Items from a dataset —
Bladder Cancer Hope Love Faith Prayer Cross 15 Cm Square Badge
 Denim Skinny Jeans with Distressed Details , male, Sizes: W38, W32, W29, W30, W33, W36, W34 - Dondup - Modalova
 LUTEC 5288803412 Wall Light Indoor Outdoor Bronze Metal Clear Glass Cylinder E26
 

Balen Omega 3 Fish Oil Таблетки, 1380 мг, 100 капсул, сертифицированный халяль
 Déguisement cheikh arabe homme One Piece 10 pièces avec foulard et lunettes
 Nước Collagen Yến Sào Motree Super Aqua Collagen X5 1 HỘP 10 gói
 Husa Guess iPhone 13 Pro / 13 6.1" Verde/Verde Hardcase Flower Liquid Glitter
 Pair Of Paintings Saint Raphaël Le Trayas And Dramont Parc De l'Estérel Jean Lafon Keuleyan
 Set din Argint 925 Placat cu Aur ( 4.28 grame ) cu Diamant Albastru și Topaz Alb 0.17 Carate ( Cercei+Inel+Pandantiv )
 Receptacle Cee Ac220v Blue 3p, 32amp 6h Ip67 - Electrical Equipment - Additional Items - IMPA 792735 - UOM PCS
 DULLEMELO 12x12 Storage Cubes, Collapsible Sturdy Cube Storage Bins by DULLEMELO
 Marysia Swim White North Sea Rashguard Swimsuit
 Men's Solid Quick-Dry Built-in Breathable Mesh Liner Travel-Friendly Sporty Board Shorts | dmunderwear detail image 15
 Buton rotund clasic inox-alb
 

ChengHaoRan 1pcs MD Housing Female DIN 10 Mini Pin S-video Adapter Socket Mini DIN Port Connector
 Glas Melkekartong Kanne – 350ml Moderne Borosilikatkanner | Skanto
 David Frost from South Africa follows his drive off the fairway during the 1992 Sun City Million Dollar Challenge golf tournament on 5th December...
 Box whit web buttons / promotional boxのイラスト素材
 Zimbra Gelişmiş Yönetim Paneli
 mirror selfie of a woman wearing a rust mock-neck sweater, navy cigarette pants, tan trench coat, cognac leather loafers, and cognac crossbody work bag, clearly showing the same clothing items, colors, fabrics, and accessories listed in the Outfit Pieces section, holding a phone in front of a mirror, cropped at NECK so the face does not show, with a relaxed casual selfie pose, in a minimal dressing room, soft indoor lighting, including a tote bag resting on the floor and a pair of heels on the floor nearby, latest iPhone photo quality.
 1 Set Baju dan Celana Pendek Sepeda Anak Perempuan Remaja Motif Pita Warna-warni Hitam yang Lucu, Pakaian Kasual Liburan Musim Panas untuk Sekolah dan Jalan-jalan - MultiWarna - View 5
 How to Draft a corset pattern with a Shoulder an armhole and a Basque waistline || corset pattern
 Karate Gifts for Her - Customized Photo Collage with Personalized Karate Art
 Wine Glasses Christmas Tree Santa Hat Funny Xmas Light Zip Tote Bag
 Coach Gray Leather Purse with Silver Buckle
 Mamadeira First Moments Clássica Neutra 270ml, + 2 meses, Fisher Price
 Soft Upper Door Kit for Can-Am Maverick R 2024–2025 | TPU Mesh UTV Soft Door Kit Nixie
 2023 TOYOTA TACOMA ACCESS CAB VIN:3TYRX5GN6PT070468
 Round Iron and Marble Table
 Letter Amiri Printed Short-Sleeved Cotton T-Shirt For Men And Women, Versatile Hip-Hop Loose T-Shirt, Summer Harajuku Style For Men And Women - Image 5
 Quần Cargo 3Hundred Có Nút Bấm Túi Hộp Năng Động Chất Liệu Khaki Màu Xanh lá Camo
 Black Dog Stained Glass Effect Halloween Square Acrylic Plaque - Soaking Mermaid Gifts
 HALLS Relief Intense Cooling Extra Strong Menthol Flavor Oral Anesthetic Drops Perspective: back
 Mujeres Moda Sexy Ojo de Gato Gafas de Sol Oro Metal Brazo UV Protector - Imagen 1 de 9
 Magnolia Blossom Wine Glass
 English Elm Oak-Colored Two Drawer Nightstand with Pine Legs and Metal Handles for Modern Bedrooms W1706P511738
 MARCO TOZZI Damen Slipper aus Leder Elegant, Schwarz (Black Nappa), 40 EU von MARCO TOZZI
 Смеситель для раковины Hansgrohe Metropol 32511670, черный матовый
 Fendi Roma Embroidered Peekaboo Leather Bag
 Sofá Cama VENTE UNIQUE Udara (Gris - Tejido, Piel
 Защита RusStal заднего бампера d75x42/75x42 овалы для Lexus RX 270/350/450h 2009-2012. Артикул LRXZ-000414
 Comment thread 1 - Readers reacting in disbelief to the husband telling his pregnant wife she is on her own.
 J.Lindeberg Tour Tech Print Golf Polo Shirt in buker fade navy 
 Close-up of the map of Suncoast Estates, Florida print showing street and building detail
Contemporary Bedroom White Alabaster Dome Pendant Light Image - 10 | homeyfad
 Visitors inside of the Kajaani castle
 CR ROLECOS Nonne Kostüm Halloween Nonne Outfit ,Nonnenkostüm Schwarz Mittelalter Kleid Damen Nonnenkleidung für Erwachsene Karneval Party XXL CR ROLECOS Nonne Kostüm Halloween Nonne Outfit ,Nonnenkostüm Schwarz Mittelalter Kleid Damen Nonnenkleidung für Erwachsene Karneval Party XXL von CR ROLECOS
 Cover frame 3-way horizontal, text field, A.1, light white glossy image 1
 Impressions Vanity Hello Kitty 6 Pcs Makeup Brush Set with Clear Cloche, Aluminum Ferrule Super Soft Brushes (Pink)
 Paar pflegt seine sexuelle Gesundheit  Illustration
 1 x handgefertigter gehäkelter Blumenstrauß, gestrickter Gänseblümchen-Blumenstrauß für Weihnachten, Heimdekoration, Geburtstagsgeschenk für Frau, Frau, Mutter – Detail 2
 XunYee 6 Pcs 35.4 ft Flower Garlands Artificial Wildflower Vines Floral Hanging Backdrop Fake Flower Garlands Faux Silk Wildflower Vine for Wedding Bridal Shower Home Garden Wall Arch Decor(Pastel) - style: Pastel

EXERCISE PROMPT —
Give back every line of the data above exactly as written.

REPLY —
Bladder Cancer Hope Love Faith Prayer Cross 15 Cm Square Badge
 Denim Skinny Jeans with Distressed Details , male, Sizes: W38, W32, W29, W30, W33, W36, W34 - Dondup - Modalova
 LUTEC 5288803412 Wall Light Indoor Outdoor Bronze Metal Clear Glass Cylinder E26
 

Balen Omega 3 Fish Oil Таблетки, 1380 мг, 100 капсул, сертифицированный халяль
 Déguisement cheikh arabe homme One Piece 10 pièces avec foulard et lunettes
 Nước Collagen Yến Sào Motree Super Aqua Collagen X5 1 HỘP 10 gói
 Husa Guess iPhone 13 Pro / 13 6.1" Verde/Verde Hardcase Flower Liquid Glitter
 Pair Of Paintings Saint Raphaël Le Trayas And Dramont Parc De l'Estérel Jean Lafon Keuleyan
 Set din Argint 925 Placat cu Aur ( 4.28 grame ) cu Diamant Albastru și Topaz Alb 0.17 Carate ( Cercei+Inel+Pandantiv )
 Receptacle Cee Ac220v Blue 3p, 32amp 6h Ip67 - Electrical Equipment - Additional Items - IMPA 792735 - UOM PCS
 DULLEMELO 12x12 Storage Cubes, Collapsible Sturdy Cube Storage Bins by DULLEMELO
 Marysia Swim White North Sea Rashguard Swimsuit
 Men's Solid Quick-Dry Built-in Breathable Mesh Liner Travel-Friendly Sporty Board Shorts | dmunderwear detail image 15
 Buton rotund clasic inox-alb
 

ChengHaoRan 1pcs MD Housing Female DIN 10 Mini Pin S-video Adapter Socket Mini DIN Port Connector
 Glas Melkekartong Kanne – 350ml Moderne Borosilikatkanner | Skanto
 David Frost from South Africa follows his drive off the fairway during the 1992 Sun City Million Dollar Challenge golf tournament on 5th December...
 Box whit web buttons / promotional boxのイラスト素材
 Zimbra Gelişmiş Yönetim Paneli
 mirror selfie of a woman wearing a rust mock-neck sweater, navy cigarette pants, tan trench coat, cognac leather loafers, and cognac crossbody work bag, clearly showing the same clothing items, colors, fabrics, and accessories listed in the Outfit Pieces section, holding a phone in front of a mirror, cropped at NECK so the face does not show, with a relaxed casual selfie pose, in a minimal dressing room, soft indoor lighting, including a tote bag resting on the floor and a pair of heels on the floor nearby, latest iPhone photo quality.
 1 Set Baju dan Celana Pendek Sepeda Anak Perempuan Remaja Motif Pita Warna-warni Hitam yang Lucu, Pakaian Kasual Liburan Musim Panas untuk Sekolah dan Jalan-jalan - MultiWarna - View 5
 How to Draft a corset pattern with a Shoulder an armhole and a Basque waistline || corset pattern
 Karate Gifts for Her - Customized Photo Collage with Personalized Karate Art
 Wine Glasses Christmas Tree Santa Hat Funny Xmas Light Zip Tote Bag
 Coach Gray Leather Purse with Silver Buckle
 Mamadeira First Moments Clássica Neutra 270ml, + 2 meses, Fisher Price
 Soft Upper Door Kit for Can-Am Maverick R 2024–2025 | TPU Mesh UTV Soft Door Kit Nixie
 2023 TOYOTA TACOMA ACCESS CAB VIN:3TYRX5GN6PT070468
 Round Iron and Marble Table
 Letter Amiri Printed Short-Sleeved Cotton T-Shirt For Men And Women, Versatile Hip-Hop Loose T-Shirt, Summer Harajuku Style For Men And Women - Image 5
 Quần Cargo 3Hundred Có Nút Bấm Túi Hộp Năng Động Chất Liệu Khaki Màu Xanh lá Camo
 Black Dog Stained Glass Effect Halloween Square Acrylic Plaque - Soaking Mermaid Gifts
 HALLS Relief Intense Cooling Extra Strong Menthol Flavor Oral Anesthetic Drops Perspective: back
 Mujeres Moda Sexy Ojo de Gato Gafas de Sol Oro Metal Brazo UV Protector - Imagen 1 de 9
 Magnolia Blossom Wine Glass
 English Elm Oak-Colored Two Drawer Nightstand with Pine Legs and Metal Handles for Modern Bedrooms W1706P511738
 MARCO TOZZI Damen Slipper aus Leder Elegant, Schwarz (Black Nappa), 40 EU von MARCO TOZZI
 Смеситель для раковины Hansgrohe Metropol 32511670, черный матовый
 Fendi Roma Embroidered Peekaboo Leather Bag
 Sofá Cama VENTE UNIQUE Udara (Gris - Tejido, Piel
 Защита RusStal заднего бампера d75x42/75x42 овалы для Lexus RX 270/350/450h 2009-2012. Артикул LRXZ-000414
 Comment thread 1 - Readers reacting in disbelief to the husband telling his pregnant wife she is on her own.
 J.Lindeberg Tour Tech Print Golf Polo Shirt in buker fade navy 
 Close-up of the map of Suncoast Estates, Florida print showing street and building detail
Contemporary Bedroom White Alabaster Dome Pendant Light Image - 10 | homeyfad
 Visitors inside of the Kajaani castle
 CR ROLECOS Nonne Kostüm Halloween Nonne Outfit ,Nonnenkostüm Schwarz Mittelalter Kleid Damen Nonnenkleidung für Erwachsene Karneval Party XXL CR ROLECOS Nonne Kostüm Halloween Nonne Outfit ,Nonnenkostüm Schwarz Mittelalter Kleid Damen Nonnenkleidung für Erwachsene Karneval Party XXL von CR ROLECOS
 Cover frame 3-way horizontal, text field, A.1, light white glossy image 1
 Impressions Vanity Hello Kitty 6 Pcs Makeup Brush Set with Clear Cloche, Aluminum Ferrule Super Soft Brushes (Pink)
 Paar pflegt seine sexuelle Gesundheit  Illustration
 1 x handgefertigter gehäkelter Blumenstrauß, gestrickter Gänseblümchen-Blumenstrauß für Weihnachten, Heimdekoration, Geburtstagsgeschenk für Frau, Frau, Mutter – Detail 2
 XunYee 6 Pcs 35.4 ft Flower Garlands Artificial Wildflower Vines Floral Hanging Backdrop Fake Flower Garlands Faux Silk Wildflower Vine for Wedding Bridal Shower Home Garden Wall Arch Decor(Pastel) - style: Pastel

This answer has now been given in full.